» Recorded data
= = = = = = =

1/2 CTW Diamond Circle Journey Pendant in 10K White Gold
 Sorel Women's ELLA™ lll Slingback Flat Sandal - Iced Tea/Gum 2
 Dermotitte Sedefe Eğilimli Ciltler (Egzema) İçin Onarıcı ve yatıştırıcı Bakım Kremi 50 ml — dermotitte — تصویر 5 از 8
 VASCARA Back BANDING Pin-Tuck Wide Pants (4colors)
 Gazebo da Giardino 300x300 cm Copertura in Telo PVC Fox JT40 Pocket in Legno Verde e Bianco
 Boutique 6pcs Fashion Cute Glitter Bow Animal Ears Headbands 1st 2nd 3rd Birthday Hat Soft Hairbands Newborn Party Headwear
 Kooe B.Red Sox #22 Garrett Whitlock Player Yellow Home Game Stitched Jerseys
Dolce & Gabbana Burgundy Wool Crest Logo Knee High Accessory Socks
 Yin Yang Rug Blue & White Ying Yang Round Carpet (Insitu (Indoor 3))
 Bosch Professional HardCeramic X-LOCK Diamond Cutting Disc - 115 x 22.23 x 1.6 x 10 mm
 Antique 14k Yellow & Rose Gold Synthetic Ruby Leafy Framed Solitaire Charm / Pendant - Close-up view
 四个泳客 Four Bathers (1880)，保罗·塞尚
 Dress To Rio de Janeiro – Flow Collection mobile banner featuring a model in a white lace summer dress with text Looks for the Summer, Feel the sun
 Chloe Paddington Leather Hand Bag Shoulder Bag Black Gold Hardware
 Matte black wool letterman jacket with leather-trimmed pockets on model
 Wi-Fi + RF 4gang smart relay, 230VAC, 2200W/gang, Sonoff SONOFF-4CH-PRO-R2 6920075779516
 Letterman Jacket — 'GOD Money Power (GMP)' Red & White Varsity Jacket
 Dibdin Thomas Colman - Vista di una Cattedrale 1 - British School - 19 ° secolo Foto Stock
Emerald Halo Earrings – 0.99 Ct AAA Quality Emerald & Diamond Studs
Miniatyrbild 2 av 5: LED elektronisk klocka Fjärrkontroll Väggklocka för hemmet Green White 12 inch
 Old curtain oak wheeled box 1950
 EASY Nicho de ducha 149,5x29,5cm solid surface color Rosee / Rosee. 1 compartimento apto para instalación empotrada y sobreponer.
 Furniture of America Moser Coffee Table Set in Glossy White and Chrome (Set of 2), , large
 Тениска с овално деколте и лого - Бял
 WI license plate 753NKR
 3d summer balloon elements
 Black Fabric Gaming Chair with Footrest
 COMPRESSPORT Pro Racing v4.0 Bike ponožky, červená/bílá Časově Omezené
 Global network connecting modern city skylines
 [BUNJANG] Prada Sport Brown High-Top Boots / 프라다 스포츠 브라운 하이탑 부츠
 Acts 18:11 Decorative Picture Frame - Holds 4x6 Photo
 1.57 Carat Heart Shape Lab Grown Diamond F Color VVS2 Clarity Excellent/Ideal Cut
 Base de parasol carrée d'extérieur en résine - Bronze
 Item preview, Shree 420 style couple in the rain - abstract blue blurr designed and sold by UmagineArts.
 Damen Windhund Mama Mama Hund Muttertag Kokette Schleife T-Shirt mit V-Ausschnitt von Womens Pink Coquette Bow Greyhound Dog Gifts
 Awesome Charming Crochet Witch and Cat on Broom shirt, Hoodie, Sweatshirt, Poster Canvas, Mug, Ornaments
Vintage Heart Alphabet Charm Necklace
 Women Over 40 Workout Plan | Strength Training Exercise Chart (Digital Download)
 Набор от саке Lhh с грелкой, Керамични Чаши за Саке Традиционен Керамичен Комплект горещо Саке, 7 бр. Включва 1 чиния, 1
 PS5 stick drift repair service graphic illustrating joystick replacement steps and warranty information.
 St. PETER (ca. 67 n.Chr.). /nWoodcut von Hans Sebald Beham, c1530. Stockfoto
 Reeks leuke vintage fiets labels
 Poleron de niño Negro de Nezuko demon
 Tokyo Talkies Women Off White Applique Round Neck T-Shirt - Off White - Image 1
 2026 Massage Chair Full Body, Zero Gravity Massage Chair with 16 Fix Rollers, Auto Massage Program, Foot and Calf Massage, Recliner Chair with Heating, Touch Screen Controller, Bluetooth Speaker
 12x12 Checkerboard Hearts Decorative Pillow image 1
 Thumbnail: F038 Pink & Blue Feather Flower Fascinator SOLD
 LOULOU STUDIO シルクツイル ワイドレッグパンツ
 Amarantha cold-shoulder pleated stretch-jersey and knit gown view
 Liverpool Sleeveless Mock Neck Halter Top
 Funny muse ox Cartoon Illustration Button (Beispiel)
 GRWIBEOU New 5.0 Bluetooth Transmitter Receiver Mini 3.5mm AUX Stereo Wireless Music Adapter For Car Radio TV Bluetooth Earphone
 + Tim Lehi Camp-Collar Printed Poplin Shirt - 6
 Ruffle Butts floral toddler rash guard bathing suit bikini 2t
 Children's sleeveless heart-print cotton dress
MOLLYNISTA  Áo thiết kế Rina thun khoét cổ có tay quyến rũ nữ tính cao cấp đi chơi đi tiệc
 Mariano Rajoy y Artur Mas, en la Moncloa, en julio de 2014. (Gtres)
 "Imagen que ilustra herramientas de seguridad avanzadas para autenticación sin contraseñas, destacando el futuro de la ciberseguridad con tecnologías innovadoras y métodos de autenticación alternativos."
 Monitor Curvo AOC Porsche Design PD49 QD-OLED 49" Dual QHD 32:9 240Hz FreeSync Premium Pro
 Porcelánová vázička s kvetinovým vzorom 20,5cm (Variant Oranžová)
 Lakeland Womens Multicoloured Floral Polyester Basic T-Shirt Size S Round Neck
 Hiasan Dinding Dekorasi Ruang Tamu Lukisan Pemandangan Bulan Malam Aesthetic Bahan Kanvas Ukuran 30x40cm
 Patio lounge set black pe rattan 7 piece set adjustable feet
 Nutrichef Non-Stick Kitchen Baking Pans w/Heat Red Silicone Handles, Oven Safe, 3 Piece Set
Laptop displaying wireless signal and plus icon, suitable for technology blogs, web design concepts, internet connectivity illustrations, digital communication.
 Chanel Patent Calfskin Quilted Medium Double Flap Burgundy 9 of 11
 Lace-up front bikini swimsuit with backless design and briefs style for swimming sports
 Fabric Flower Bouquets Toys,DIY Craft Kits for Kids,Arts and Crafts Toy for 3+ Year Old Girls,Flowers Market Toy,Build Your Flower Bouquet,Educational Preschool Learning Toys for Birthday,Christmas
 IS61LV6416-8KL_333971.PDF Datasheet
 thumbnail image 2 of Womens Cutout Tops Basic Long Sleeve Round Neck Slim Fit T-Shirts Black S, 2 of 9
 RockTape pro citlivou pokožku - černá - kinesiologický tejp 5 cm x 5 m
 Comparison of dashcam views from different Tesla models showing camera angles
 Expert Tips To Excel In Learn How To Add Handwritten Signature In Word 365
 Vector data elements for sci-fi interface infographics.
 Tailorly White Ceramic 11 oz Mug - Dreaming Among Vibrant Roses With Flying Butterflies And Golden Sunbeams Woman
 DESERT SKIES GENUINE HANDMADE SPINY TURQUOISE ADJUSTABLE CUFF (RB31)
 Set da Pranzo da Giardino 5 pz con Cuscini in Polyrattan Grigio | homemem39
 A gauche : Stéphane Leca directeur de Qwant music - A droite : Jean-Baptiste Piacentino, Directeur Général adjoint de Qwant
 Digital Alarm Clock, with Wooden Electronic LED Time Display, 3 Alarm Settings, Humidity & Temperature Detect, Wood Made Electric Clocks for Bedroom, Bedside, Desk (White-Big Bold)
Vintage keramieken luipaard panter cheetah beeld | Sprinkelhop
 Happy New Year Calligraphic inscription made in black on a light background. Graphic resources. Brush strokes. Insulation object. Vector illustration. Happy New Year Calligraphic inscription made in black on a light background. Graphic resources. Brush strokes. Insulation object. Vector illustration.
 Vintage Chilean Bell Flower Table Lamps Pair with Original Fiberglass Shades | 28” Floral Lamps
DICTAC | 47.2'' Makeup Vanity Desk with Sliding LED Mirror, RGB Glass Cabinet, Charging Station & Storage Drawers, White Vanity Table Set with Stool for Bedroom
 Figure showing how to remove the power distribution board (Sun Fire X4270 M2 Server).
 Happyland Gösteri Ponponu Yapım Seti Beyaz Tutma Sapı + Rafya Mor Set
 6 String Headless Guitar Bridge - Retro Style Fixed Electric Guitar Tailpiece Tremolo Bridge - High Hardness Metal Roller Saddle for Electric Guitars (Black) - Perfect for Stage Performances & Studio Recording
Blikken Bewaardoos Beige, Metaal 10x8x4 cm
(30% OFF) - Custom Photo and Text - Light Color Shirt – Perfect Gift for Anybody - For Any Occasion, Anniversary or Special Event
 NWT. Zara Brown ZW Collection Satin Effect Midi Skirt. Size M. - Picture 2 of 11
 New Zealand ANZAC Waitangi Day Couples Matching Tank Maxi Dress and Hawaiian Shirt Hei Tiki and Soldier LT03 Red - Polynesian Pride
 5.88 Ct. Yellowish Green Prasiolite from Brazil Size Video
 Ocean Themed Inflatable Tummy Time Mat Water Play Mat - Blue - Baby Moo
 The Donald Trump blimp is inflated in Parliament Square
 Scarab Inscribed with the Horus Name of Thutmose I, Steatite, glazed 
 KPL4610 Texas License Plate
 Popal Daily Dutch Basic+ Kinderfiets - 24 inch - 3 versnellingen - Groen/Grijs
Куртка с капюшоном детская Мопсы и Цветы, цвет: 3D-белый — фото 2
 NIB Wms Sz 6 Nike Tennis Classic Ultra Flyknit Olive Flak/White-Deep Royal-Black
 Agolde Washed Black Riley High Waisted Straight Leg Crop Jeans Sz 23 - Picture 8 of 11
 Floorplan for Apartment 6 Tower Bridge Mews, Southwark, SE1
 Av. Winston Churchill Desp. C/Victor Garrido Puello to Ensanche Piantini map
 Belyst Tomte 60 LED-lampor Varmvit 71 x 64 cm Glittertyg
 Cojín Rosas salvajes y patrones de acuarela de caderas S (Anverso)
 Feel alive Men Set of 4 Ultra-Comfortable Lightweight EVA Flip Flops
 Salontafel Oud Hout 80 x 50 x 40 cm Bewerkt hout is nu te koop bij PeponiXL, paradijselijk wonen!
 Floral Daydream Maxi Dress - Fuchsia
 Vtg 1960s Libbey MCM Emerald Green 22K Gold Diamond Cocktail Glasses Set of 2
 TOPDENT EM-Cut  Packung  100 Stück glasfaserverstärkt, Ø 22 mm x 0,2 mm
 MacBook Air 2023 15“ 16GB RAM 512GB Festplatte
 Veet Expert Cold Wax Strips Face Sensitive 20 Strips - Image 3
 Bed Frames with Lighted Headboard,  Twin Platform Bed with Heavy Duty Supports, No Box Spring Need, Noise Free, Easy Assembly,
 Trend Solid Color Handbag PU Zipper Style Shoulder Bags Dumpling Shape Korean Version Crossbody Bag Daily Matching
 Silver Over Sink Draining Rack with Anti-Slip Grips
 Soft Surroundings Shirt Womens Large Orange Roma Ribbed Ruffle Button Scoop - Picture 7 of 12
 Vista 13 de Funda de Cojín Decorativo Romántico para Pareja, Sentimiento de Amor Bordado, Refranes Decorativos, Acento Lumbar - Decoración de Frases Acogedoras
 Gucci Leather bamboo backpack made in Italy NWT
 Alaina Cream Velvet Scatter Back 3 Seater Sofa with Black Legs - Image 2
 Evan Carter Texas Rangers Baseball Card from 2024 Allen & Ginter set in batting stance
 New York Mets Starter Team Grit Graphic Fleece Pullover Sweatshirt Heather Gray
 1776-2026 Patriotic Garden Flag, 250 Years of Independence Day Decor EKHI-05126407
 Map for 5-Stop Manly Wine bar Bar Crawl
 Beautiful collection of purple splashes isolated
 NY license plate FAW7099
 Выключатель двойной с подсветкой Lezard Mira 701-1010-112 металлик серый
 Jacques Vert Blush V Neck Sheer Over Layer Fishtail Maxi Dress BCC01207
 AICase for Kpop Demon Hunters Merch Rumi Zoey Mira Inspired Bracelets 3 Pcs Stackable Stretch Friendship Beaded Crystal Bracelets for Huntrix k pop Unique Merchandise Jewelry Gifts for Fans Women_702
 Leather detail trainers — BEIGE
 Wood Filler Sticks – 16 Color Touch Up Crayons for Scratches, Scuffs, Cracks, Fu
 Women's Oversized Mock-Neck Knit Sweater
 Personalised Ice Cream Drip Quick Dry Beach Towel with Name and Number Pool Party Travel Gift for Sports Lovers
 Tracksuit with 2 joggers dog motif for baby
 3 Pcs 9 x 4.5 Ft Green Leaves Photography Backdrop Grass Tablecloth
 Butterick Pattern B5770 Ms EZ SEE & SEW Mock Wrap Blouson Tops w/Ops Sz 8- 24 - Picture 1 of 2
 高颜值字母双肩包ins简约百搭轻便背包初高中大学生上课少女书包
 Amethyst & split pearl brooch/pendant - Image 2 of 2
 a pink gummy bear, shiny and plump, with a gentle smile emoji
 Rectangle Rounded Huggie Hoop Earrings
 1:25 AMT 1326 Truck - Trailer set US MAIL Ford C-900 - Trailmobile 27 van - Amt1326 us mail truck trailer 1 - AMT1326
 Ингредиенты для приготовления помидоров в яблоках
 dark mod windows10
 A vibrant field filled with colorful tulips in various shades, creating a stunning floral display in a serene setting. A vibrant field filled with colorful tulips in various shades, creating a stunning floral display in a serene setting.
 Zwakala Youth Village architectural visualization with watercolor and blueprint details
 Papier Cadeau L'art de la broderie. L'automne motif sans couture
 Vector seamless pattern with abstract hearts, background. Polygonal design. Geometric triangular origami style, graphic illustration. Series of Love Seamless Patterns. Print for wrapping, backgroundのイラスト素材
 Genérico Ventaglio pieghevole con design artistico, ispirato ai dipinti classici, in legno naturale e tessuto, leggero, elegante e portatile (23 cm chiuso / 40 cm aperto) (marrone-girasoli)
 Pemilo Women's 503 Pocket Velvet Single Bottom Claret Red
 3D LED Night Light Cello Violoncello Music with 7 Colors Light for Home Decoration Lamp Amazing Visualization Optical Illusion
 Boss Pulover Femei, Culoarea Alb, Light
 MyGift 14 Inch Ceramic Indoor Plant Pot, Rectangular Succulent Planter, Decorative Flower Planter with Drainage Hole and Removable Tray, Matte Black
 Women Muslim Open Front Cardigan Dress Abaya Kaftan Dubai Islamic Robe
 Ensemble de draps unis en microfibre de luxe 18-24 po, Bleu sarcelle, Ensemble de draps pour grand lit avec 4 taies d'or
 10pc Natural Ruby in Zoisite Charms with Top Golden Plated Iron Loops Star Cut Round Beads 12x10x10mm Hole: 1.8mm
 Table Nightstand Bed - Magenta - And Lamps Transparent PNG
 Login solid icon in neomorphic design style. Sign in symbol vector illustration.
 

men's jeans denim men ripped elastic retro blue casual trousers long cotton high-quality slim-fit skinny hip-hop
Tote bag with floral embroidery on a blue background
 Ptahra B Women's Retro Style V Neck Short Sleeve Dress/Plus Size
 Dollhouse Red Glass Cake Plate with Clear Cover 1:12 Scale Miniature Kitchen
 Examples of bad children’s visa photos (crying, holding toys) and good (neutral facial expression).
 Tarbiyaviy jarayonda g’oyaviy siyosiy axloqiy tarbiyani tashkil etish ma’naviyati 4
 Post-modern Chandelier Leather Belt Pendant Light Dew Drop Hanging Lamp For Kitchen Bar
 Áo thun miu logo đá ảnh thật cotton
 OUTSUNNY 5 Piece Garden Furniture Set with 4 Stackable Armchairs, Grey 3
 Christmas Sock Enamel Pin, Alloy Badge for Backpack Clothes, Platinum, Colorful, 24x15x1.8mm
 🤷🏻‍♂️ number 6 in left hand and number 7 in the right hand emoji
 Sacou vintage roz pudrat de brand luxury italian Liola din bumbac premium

= = = = = = =

The line above containing "LOULOU STUDIO シルクツイル ワイドレッグパンツ", the line containing "Mariano Rajoy y", and every line between them are to be transcribed exactly; no other line is wanted.

 LOULOU STUDIO シルクツイル ワイドレッグパンツ
 Amarantha cold-shoulder pleated stretch-jersey and knit gown view
 Liverpool Sleeveless Mock Neck Halter Top
 Funny muse ox Cartoon Illustration Button (Beispiel)
 GRWIBEOU New 5.0 Bluetooth Transmitter Receiver Mini 3.5mm AUX Stereo Wireless Music Adapter For Car Radio TV Bluetooth Earphone
 + Tim Lehi Camp-Collar Printed Poplin Shirt - 6
 Ruffle Butts floral toddler rash guard bathing suit bikini 2t
 Children's sleeveless heart-print cotton dress
MOLLYNISTA  Áo thiết kế Rina thun khoét cổ có tay quyến rũ nữ tính cao cấp đi chơi đi tiệc
 Mariano Rajoy y Artur Mas, en la Moncloa, en julio de 2014. (Gtres)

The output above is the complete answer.